Records from a data source
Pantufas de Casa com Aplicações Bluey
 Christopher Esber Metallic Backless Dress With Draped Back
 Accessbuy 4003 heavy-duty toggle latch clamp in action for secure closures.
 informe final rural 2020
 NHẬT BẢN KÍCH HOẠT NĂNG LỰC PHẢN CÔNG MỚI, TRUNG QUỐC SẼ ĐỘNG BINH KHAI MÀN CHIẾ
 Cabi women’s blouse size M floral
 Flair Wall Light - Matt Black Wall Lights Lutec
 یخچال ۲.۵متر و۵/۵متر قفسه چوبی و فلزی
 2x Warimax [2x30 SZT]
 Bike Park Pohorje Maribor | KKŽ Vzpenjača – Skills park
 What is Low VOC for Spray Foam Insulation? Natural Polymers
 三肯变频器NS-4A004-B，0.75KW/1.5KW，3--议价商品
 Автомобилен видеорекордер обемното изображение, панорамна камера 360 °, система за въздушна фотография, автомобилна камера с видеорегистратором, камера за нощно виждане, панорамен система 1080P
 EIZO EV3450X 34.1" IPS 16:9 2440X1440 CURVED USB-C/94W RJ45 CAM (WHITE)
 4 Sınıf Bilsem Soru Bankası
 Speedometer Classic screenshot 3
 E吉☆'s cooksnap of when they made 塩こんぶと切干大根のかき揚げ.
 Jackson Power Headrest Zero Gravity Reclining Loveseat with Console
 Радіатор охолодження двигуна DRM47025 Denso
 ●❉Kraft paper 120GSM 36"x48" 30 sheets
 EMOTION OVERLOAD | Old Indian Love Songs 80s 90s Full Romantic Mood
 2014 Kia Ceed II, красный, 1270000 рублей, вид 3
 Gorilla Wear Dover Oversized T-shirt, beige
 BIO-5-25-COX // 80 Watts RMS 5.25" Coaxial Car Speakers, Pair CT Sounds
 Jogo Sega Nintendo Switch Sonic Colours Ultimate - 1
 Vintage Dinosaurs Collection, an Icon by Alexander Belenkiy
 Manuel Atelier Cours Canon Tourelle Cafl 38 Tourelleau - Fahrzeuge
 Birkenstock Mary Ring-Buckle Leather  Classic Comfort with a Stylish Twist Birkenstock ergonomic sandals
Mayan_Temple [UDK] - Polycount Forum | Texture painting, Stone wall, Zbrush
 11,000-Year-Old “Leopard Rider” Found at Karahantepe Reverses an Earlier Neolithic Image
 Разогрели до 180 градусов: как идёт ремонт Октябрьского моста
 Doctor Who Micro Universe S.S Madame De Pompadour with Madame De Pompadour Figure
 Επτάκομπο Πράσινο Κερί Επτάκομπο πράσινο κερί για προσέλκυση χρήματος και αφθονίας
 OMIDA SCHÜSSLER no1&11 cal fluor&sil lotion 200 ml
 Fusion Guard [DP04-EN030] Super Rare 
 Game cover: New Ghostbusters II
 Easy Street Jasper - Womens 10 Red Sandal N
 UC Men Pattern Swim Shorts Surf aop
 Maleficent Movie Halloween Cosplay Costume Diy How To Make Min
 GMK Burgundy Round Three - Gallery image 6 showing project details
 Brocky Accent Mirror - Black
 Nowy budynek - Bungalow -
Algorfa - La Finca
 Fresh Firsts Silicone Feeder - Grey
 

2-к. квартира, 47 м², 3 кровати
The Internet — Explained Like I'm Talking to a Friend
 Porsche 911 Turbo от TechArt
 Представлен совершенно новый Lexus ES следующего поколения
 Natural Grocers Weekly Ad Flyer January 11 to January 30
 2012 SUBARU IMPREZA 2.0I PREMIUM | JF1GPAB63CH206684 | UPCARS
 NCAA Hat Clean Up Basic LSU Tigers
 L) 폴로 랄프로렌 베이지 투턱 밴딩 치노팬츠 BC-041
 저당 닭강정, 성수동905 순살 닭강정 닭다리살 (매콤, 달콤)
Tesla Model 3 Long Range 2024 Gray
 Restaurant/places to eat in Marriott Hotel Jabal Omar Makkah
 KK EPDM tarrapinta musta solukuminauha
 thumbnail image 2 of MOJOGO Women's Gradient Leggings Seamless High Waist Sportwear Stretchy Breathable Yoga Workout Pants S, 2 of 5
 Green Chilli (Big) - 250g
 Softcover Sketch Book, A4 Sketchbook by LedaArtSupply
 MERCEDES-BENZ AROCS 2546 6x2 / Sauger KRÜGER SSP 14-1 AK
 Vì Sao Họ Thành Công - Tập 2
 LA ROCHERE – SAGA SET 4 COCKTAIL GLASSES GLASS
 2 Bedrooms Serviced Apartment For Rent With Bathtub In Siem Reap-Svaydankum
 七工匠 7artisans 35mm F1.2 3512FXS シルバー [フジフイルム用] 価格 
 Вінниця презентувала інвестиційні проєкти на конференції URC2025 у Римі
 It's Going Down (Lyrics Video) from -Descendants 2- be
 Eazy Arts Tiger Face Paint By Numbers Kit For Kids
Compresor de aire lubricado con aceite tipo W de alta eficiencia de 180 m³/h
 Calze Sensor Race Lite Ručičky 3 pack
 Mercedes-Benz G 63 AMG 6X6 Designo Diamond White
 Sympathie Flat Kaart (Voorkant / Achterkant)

**Your goal**:
All of the entries above need to be retyped exactly.

**Response to the exercise**:
Pantufas de Casa com Aplicações Bluey
 Christopher Esber Metallic Backless Dress With Draped Back
 Accessbuy 4003 heavy-duty toggle latch clamp in action for secure closures.
 informe final rural 2020
 NHẬT BẢN KÍCH HOẠT NĂNG LỰC PHẢN CÔNG MỚI, TRUNG QUỐC SẼ ĐỘNG BINH KHAI MÀN CHIẾ
 Cabi women’s blouse size M floral
 Flair Wall Light - Matt Black Wall Lights Lutec
 یخچال ۲.۵متر و۵/۵متر قفسه چوبی و فلزی
 2x Warimax [2x30 SZT]
 Bike Park Pohorje Maribor | KKŽ Vzpenjača – Skills park
 What is Low VOC for Spray Foam Insulation? Natural Polymers
 三肯变频器NS-4A004-B，0.75KW/1.5KW，3--议价商品
 Автомобилен видеорекордер обемното изображение, панорамна камера 360 °, система за въздушна фотография, автомобилна камера с видеорегистратором, камера за нощно виждане, панорамен система 1080P
 EIZO EV3450X 34.1" IPS 16:9 2440X1440 CURVED USB-C/94W RJ45 CAM (WHITE)
 4 Sınıf Bilsem Soru Bankası
 Speedometer Classic screenshot 3
 E吉☆'s cooksnap of when they made 塩こんぶと切干大根のかき揚げ.
 Jackson Power Headrest Zero Gravity Reclining Loveseat with Console
 Радіатор охолодження двигуна DRM47025 Denso
 ●❉Kraft paper 120GSM 36"x48" 30 sheets
 EMOTION OVERLOAD | Old Indian Love Songs 80s 90s Full Romantic Mood
 2014 Kia Ceed II, красный, 1270000 рублей, вид 3
 Gorilla Wear Dover Oversized T-shirt, beige
 BIO-5-25-COX // 80 Watts RMS 5.25" Coaxial Car Speakers, Pair CT Sounds
 Jogo Sega Nintendo Switch Sonic Colours Ultimate - 1
 Vintage Dinosaurs Collection, an Icon by Alexander Belenkiy
 Manuel Atelier Cours Canon Tourelle Cafl 38 Tourelleau - Fahrzeuge
 Birkenstock Mary Ring-Buckle Leather  Classic Comfort with a Stylish Twist Birkenstock ergonomic sandals
Mayan_Temple [UDK] - Polycount Forum | Texture painting, Stone wall, Zbrush
 11,000-Year-Old “Leopard Rider” Found at Karahantepe Reverses an Earlier Neolithic Image
 Разогрели до 180 градусов: как идёт ремонт Октябрьского моста
 Doctor Who Micro Universe S.S Madame De Pompadour with Madame De Pompadour Figure
 Επτάκομπο Πράσινο Κερί Επτάκομπο πράσινο κερί για προσέλκυση χρήματος και αφθονίας
 OMIDA SCHÜSSLER no1&11 cal fluor&sil lotion 200 ml
 Fusion Guard [DP04-EN030] Super Rare 
 Game cover: New Ghostbusters II
 Easy Street Jasper - Womens 10 Red Sandal N
 UC Men Pattern Swim Shorts Surf aop
 Maleficent Movie Halloween Cosplay Costume Diy How To Make Min
 GMK Burgundy Round Three - Gallery image 6 showing project details
 Brocky Accent Mirror - Black
 Nowy budynek - Bungalow -
Algorfa - La Finca
 Fresh Firsts Silicone Feeder - Grey
 

2-к. квартира, 47 м², 3 кровати
The Internet — Explained Like I'm Talking to a Friend
 Porsche 911 Turbo от TechArt
 Представлен совершенно новый Lexus ES следующего поколения
 Natural Grocers Weekly Ad Flyer January 11 to January 30
 2012 SUBARU IMPREZA 2.0I PREMIUM | JF1GPAB63CH206684 | UPCARS
 NCAA Hat Clean Up Basic LSU Tigers
 L) 폴로 랄프로렌 베이지 투턱 밴딩 치노팬츠 BC-041
 저당 닭강정, 성수동905 순살 닭강정 닭다리살 (매콤, 달콤)
Tesla Model 3 Long Range 2024 Gray
 Restaurant/places to eat in Marriott Hotel Jabal Omar Makkah
 KK EPDM tarrapinta musta solukuminauha
 thumbnail image 2 of MOJOGO Women's Gradient Leggings Seamless High Waist Sportwear Stretchy Breathable Yoga Workout Pants S, 2 of 5
 Green Chilli (Big) - 250g
 Softcover Sketch Book, A4 Sketchbook by LedaArtSupply
 MERCEDES-BENZ AROCS 2546 6x2 / Sauger KRÜGER SSP 14-1 AK
 Vì Sao Họ Thành Công - Tập 2
 LA ROCHERE – SAGA SET 4 COCKTAIL GLASSES GLASS
 2 Bedrooms Serviced Apartment For Rent With Bathtub In Siem Reap-Svaydankum
 七工匠 7artisans 35mm F1.2 3512FXS シルバー [フジフイルム用] 価格 
 Вінниця презентувала інвестиційні проєкти на конференції URC2025 у Римі
 It's Going Down (Lyrics Video) from -Descendants 2- be
 Eazy Arts Tiger Face Paint By Numbers Kit For Kids
Compresor de aire lubricado con aceite tipo W de alta eficiencia de 180 m³/h
 Calze Sensor Race Lite Ručičky 3 pack
 Mercedes-Benz G 63 AMG 6X6 Designo Diamond White
 Sympathie Flat Kaart (Voorkant / Achterkant)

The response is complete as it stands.